* **BRIEF**
Somewhere below, one line contains "2020 New French" and a later line contains "White kids golf". Output those two lines and everything between them exactly, and nothing else.

*** Opening SOURCE DATA ***

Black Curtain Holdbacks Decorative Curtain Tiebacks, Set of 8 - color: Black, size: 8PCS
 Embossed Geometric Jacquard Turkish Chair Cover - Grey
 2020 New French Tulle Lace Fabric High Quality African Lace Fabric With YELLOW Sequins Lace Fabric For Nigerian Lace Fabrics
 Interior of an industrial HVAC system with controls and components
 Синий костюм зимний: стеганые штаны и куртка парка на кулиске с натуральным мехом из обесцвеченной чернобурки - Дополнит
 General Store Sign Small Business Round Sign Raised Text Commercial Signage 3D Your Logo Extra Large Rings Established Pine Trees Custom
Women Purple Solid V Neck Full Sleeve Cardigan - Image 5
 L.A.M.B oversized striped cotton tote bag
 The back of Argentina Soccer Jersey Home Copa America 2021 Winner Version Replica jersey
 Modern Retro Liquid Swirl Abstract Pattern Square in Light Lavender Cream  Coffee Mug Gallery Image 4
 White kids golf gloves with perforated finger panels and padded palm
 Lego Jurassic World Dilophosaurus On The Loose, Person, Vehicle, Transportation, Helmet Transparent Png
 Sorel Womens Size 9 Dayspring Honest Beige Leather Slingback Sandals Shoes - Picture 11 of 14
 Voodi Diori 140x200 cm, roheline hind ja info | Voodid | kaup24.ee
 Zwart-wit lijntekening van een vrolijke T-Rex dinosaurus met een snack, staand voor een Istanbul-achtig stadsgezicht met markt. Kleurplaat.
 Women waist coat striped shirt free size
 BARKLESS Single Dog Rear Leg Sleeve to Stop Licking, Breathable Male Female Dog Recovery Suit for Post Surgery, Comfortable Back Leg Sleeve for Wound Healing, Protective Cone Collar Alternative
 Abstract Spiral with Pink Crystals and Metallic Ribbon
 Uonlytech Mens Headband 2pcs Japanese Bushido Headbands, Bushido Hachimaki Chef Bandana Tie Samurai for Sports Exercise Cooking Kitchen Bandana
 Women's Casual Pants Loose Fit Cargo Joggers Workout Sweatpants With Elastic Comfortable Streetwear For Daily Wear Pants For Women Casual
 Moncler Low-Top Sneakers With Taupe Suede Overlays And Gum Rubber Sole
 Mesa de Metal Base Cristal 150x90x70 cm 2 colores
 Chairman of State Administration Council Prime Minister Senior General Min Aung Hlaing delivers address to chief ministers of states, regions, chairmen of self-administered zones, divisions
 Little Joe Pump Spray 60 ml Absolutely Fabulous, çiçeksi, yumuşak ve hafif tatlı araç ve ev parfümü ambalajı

*** Closing SOURCE DATA ***

* **OUTPUT OF THE EXERCISE**
 2020 New French Tulle Lace Fabric High Quality African Lace Fabric With YELLOW Sequins Lace Fabric For Nigerian Lace Fabrics
 Interior of an industrial HVAC system with controls and components
 Синий костюм зимний: стеганые штаны и куртка парка на кулиске с натуральным мехом из обесцвеченной чернобурки - Дополнит
 General Store Sign Small Business Round Sign Raised Text Commercial Signage 3D Your Logo Extra Large Rings Established Pine Trees Custom
Women Purple Solid V Neck Full Sleeve Cardigan - Image 5
 L.A.M.B oversized striped cotton tote bag
 The back of Argentina Soccer Jersey Home Copa America 2021 Winner Version Replica jersey
 Modern Retro Liquid Swirl Abstract Pattern Square in Light Lavender Cream  Coffee Mug Gallery Image 4
 White kids golf gloves with perforated finger panels and padded palm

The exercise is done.